When using parallel loops, you want to ensure that the amount of work you do per iteration is significantly larger than the amount of time you spend synchronizing any shared state. It is very easy to lose all of the benefits of parallelism if your loop spends all of its time blocked on access to a variable that all the loops use. You can avoid this by having each your loops iterate on local state as much as possible.

Another problem with parallel loops is that a delegate is invoked for each iteration, which may be wasteful if the work to be done is less than the cost of a delegate or method invocation (See Chapter 5).

Both problems can be solved with the Partitioner class which transforms a range into a set of Tuple objects that describe a range to be iterated over on the original collection.

The following example demonstrates just how much synchronization can negatively affect the effectiveness of parallelism.

static void Main(string[] args)
{
Stopwatch
watch = new Stopwatch();
const int MaxValue = 1000000000;

long sum = 0;

// Naive For-loop
watch.Restart();
sum = 0;
Parallel.For(0, MaxValue, (i) =>
{
Interlocked
.Add(ref sum, (long)Math.Sqrt(i));
});
watch.Stop();
Console.WriteLine("Parallel.For: {0}", watch.Elapsed);

// Partitioned For-loop
var partitioner = Partitioner.Create(0, MaxValue);
watch.Restart();
sum = 0;
Parallel.ForEach(partitioner,
(range) =>
{
long partialSum = 0;
for (int i = range.Item1; i < range.Item2; i++)
{
partialSum += (long)Math.Sqrt(i);
}
Interlocked
.Add(ref sum, partialSum);
});
watch.Stop();
Console.WriteLine("Partitioned Parallel.For: {0}", watch.Elapsed);
}

You can find this code in the ParallelLoops sample project. On one run on my machine, the output was this:

Parallel.For: 00:01:47.5650016
Partitioned Parallel.For: 00:00:00.8942916

The above partitioning scheme is static in that once the partitions are determined, a delegate executes each range and if one finishes early there is no attempt to repartition to get other processors working. You can create static partitions on any IEnumerable<T> collection without specifying a range, but there will be a delegate call for each item, not for a sub-range. It is possible to get around this by creating a custom Partitioner, which can be quite involved. For more information and to see some extensive examples, see the article by Stephen Toub at http://www.writinghighperf.net/go/20.

  1. Avoid Blocking

You may notice that in some of the samples, I call task.Wait(). I do this for expediency in such small sample projects where I do not want the process to exit, but in real production code, you should never do this. Use continuations instead. Waiting on a Task is a subset of the larger problem of blocking calls.

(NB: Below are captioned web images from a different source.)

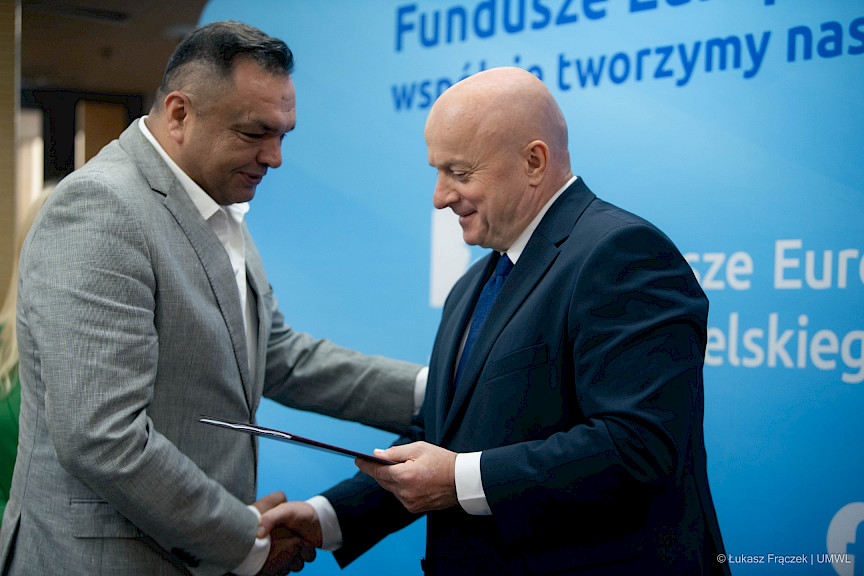 Marszałek Województwa Lubelskiego, Pan Jarosław Stawiarski wręcza umowę i ściska dłoń Beneficjenta na tle ścianki promocyjnej  Fundusze Europejskie dla Lubelskiego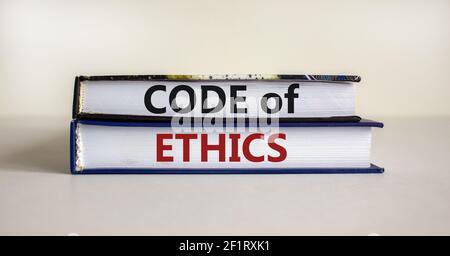 Code of ethics symbol. Concept words 'Code of ethics' on books on a beautiful white table, white background. Business and code of ethics concept. Copy Stock Photo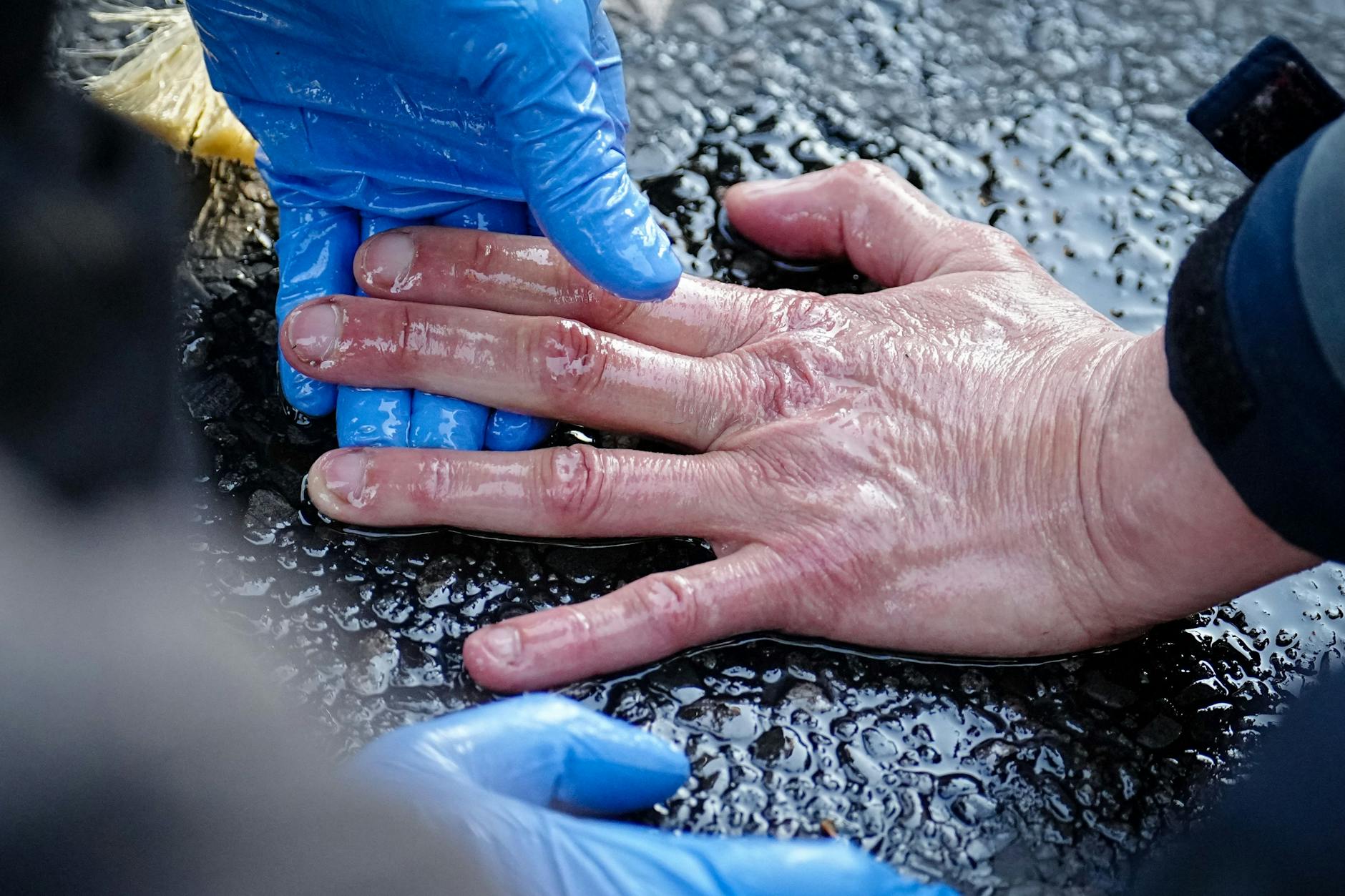 Die Hand eines Klima-Klebers wird vom Straßenasphalt gelöst.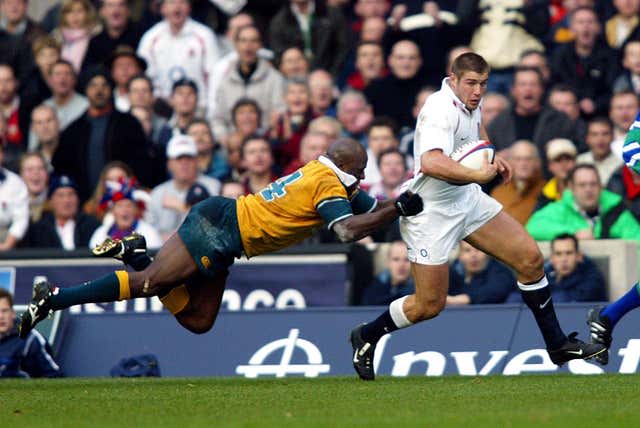 England’s Ben Cohen (right) is tackled by Australia’s Wendell Sailor during an international friendly at Twickenham. England claimed an eventual 21-15 victory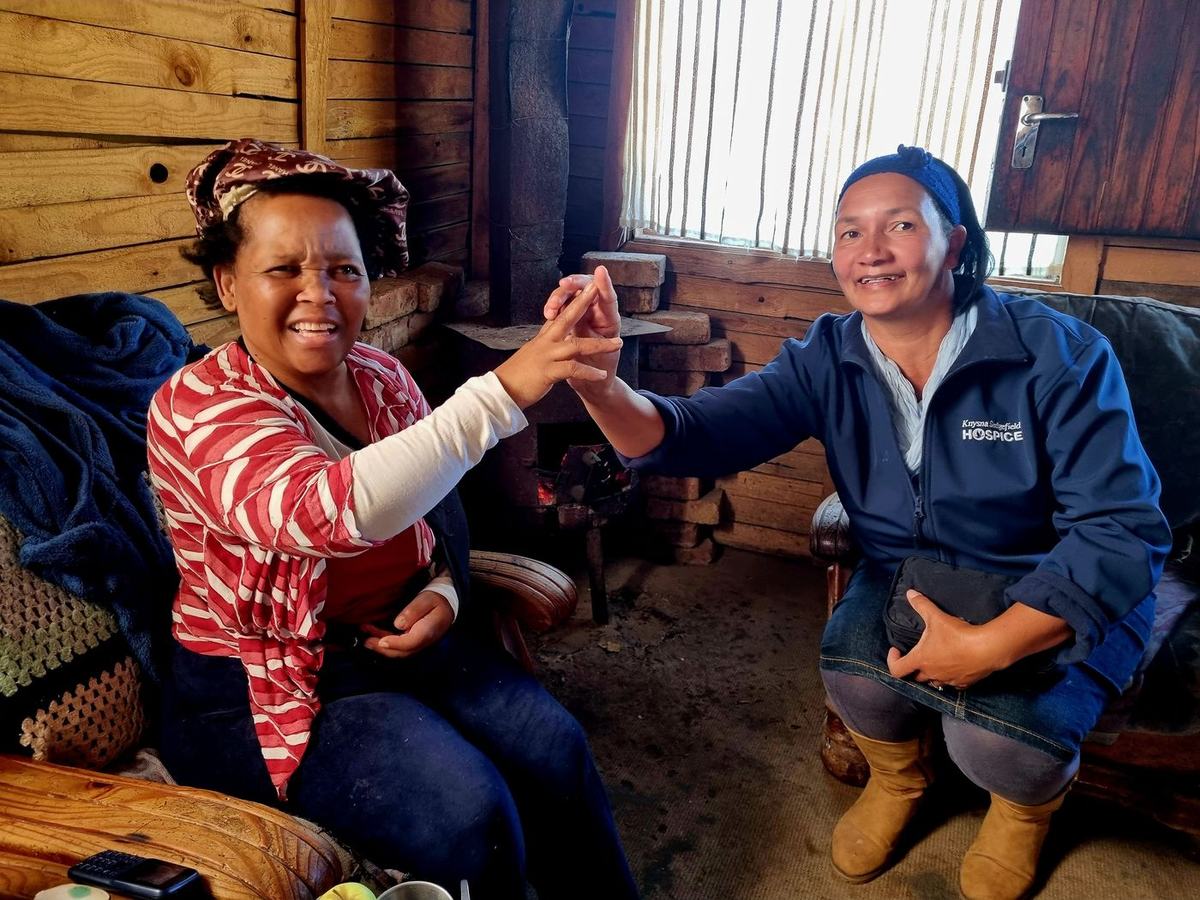 A woman recovering from a stroke shares a moment with her caregiver.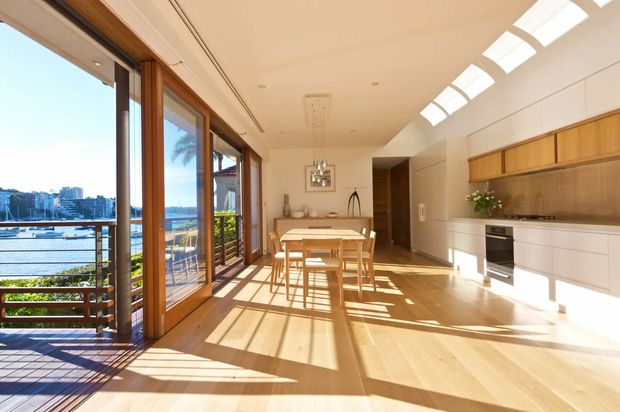Bright open-plan kitchen and dining area with extensive timber-framed glazing opening onto a balcony overlooking a marina or waterfront. The room features light timber flooring, white built-in cabinetry, a timber kitchen backsplash and upper joinery, a central dining table, and linear skylights or clerestory glazing that fill the space with sunlight.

To obtain the highest performance you must ensure that your program never wastes one resource while waiting for another. Most commonly, this takes the form of blocking the current thread while waiting for some I/O to complete. This situation will cause one of two things to happen:

  1. The thread will be blocked in a waiting state, get unscheduled, and cause another thread to run. This could mean creating a new thread to handle pending work items or tasks if all current threads are in use or blocked.
  2. The thread will hit a synchronization object which might spin for a few milliseconds waiting for a signal. If it does not get it in time, it will enter the same state as 1.

In both cases, it needlessly increases the size of the thread pool, and possibly also wastes CPU spinning in locks. Neither situation is desirable.

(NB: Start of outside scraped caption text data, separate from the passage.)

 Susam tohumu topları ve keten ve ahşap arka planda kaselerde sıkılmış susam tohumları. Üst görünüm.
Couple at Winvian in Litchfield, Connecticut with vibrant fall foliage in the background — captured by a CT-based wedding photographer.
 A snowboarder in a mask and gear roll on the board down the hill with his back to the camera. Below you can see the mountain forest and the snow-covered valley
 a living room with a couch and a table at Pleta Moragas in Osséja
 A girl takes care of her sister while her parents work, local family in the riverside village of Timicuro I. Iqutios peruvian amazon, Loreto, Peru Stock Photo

Locking and other types of direct thread synchronization are all explicit blocking calls and easy to detect. However, it is not always so obvious what other method calls may lead to blocking. They often revolve around I/O of various kinds so you need to make sure that any interactions with the network, the file system, databases, or any other high-latency service is done asynchronously. Thankfully, .NET makes it fairly easy to do that with Tasks.

When making use of any I/O API, whether it is for network, file system, databases, or anything else, make sure that it returns a Task; otherwise, it is highly suspect and probably doing blocking I/O. Note that older asynchronous APIs will return an IASyncResult and usually start with Begin-. Either find an alternate API that returns a Task instead, or use the Task.Factory.FromAsync to wrap these methods inside of Tasks to keep your own programming interface consistent.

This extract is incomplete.